In my 30’s it became obvious that the old adage, “once a cheater, always a cheater” was true. I’d be divorced at 37. I became a mom for the 3rd time at 33. My perspective was so different and time became this THING that moves really fast, so, for the first time in my life, I wanted things to slow down in my 30’s. Life was too fast. My perspective, simply from becoming a believer was so different too. All of those professional accomplishments seemed silly and futile in comparison with my new heartfelt desire, to honor Christ with my life. I really wanted my marriage to work. I really wanted to be an amazing mother to my kids. I wanted to make up for those years in my 20’s when I worked until past 10PM. The nights I didn’t tuck my kids in, and the evenings I didn’t cook. My goals and aspirations shifted from financial gain, to honoring the LORD with my life. I chose to shift gears professionally and I slowed down, took a pay cut, and made it home every night. In my 30’s, slowly but surely I chose my family and myself. For the first time in my life I understood my value. I was fearfully and wonderfully made. Created and designed with, and for a purpose. Becoming a believer, and living for Christ, set me free in a way that I never had experienced. HIS love, grace, mercy and providence sustained me when I felt alone and betrayed. HE was my strength. At 35, I left my beloved city to a place that might as well been a foreign country. My 30’s was a decade of growth, pruning, change, and evolution. By, 37, I was divorced and a single-mom. Sex? I was probably never going to do that again.
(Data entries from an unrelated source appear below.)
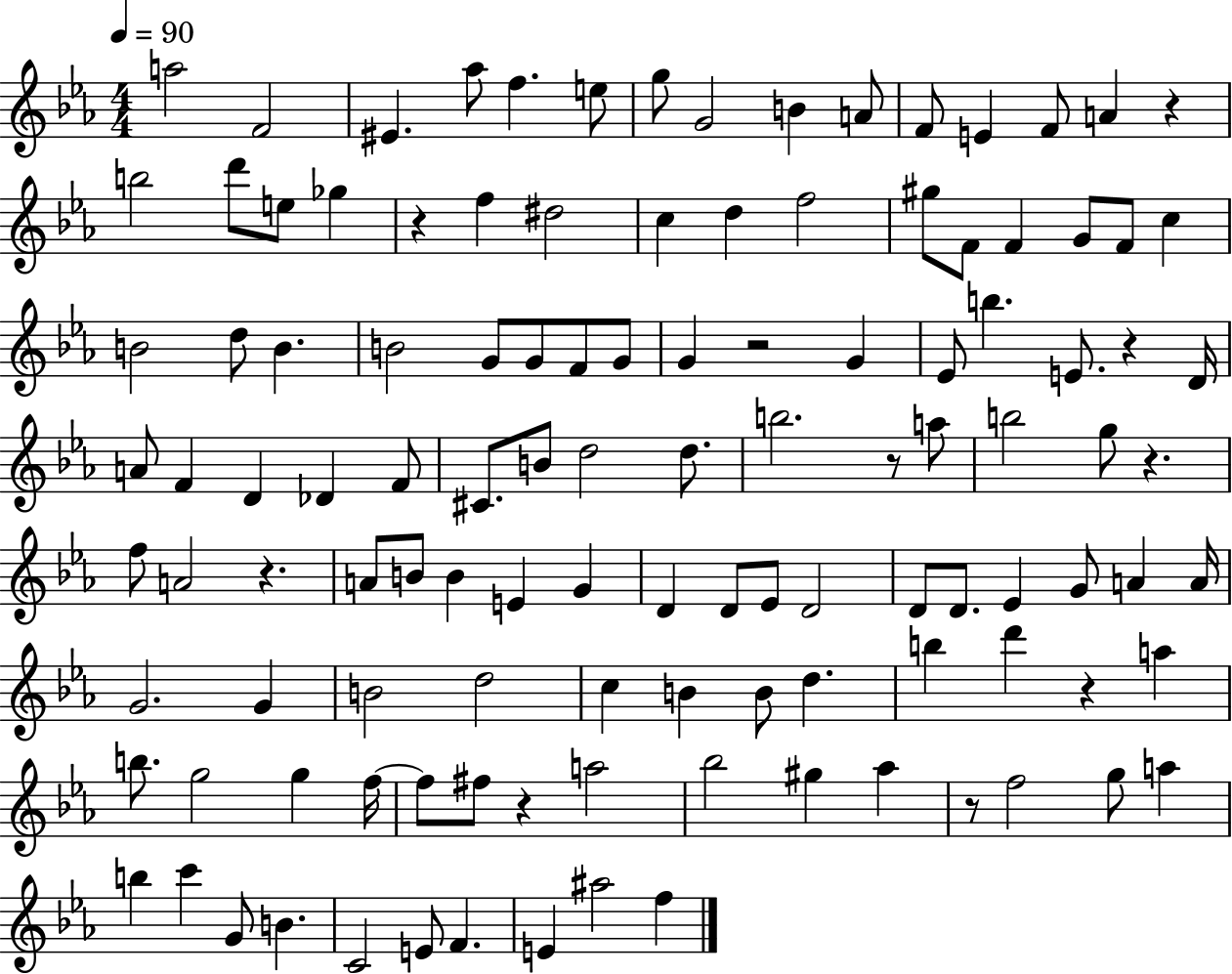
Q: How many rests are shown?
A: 10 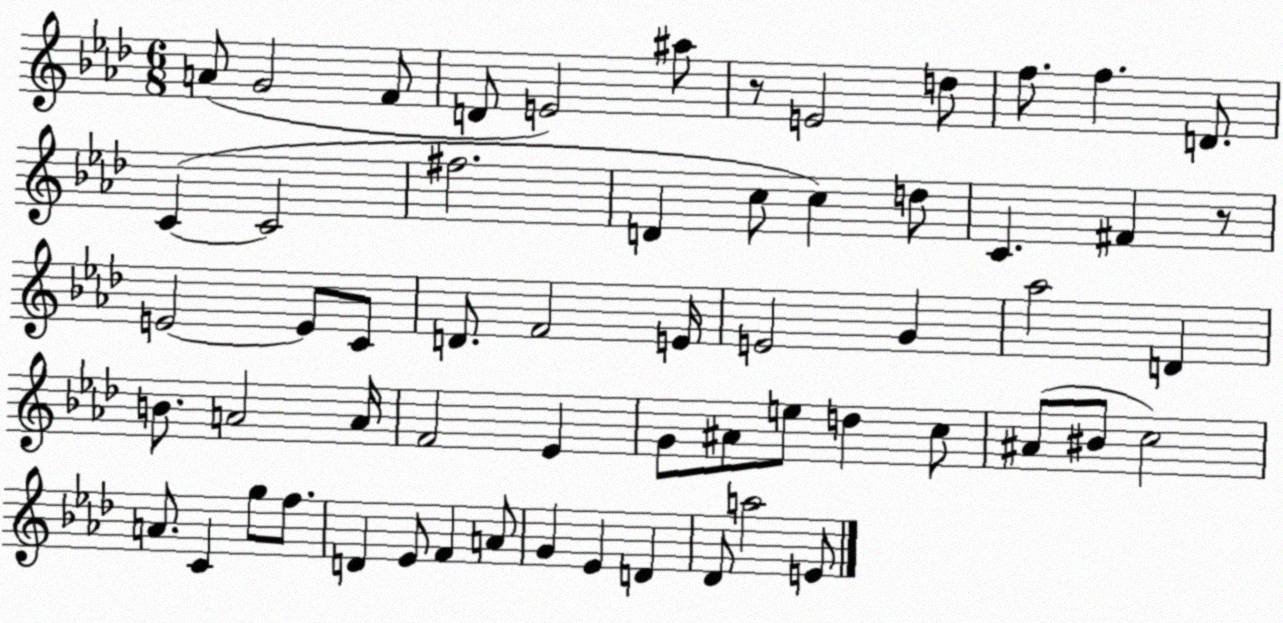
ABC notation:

X:1
T:Untitled
M:6/8
L:1/4
K:Ab
A/2 G2 F/2 D/2 E2 ^a/2 z/2 E2 d/2 f/2 f D/2 C C2 ^f2 D c/2 c d/2 C ^F z/2 E2 E/2 C/2 D/2 F2 E/4 E2 G _a2 D B/2 A2 A/4 F2 _E G/2 ^A/2 e/2 d c/2 ^A/2 ^B/2 c2 A/2 C g/2 f/2 D _E/2 F A/2 G _E D _D/2 a2 E/2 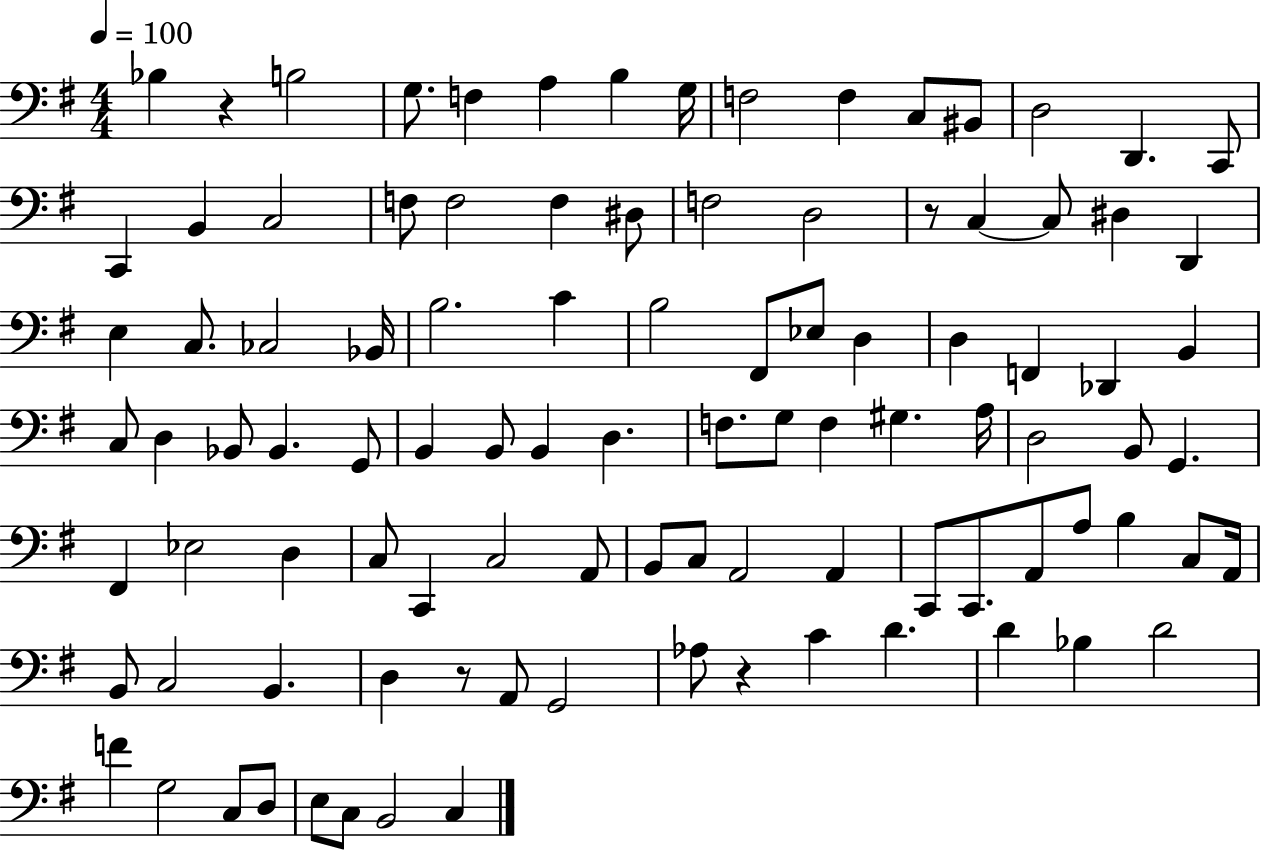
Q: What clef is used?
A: bass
But… God had other plans. HE’d teach me what marriage was supposed to be, a lesson HE felt I needed because if I am HIS bride, then I’d need to really understand what that meant. At 38, May 1st, 2015… I’d meet the most unlikely of characters. THANK GOD!
My 40’s! A renaissance if there has ever been one. I got remarried and became a step-mom. And… ladies & gentlemen… I finally understood what all the excitement was for, surrounding sex I mean. IT WAS AMAZING! I used to tell my husband that I was happy I had met him later in life. He woke up all kinds of stuff that could’ve gotten me in big trouble had I been younger. Professionally: I’ve ended up not only being amazing at my profession, but landing in a place that aligns with my personal goals. Financially: I’ve handed that over to the Lord, and HE has done amazing things with the resources HE’s blessed me with. Personally: In my 40’s I have been both the happiest I’ve ever been in my life and the saddest. I lived on the Mount Everest of pleasure, joy, contentment and satisfaction and then endured the loneliness, pain, suffering and destruction of grief. And… this decade isn’t over yet.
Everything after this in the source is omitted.